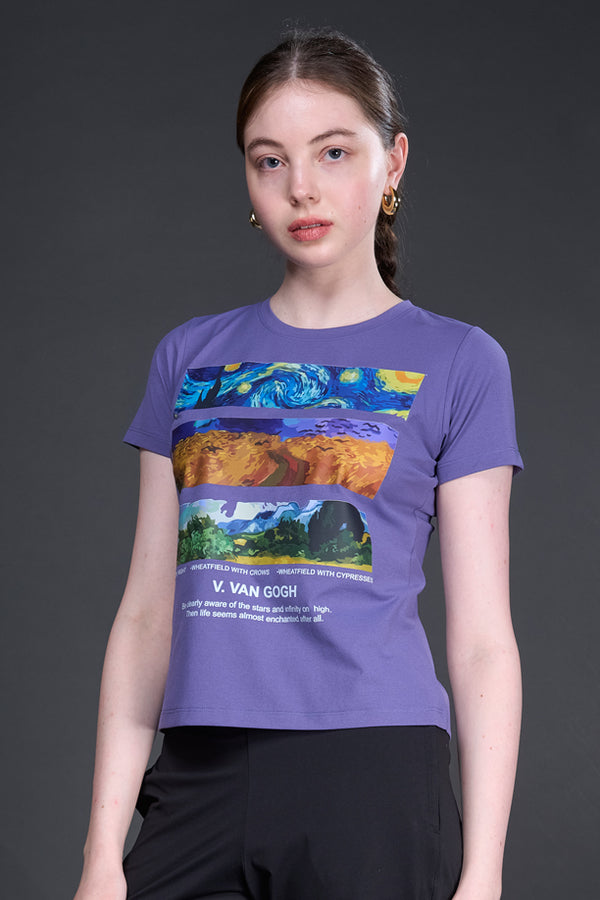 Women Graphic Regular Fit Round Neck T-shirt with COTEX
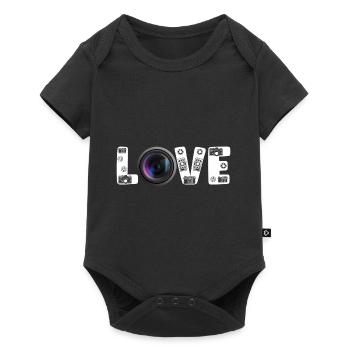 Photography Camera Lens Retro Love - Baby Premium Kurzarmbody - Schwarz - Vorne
────────────────────
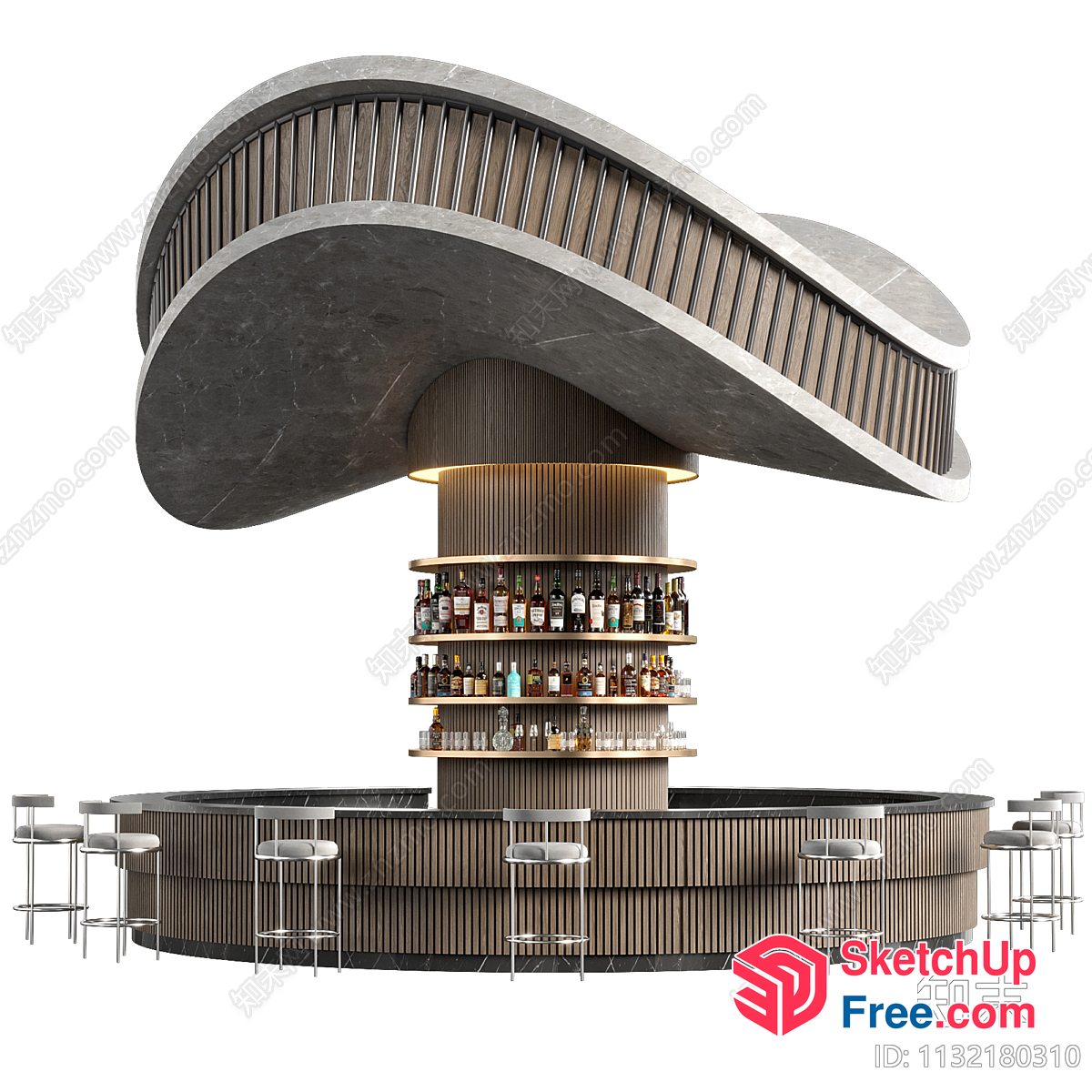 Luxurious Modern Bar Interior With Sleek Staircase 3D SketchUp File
────────────────────
Exercise description:
Write back the stretch of lines above that begins with the line holding "Women Graphic Regular" and ends with the line holding "Photography Camera Lens", both included, exactly as written. Pictures stay out.

Solution for this task:
 Women Graphic Regular Fit Round Neck T-shirt with COTEX
 Photography Camera Lens Retro Love - Baby Premium Kurzarmbody - Schwarz - Vorne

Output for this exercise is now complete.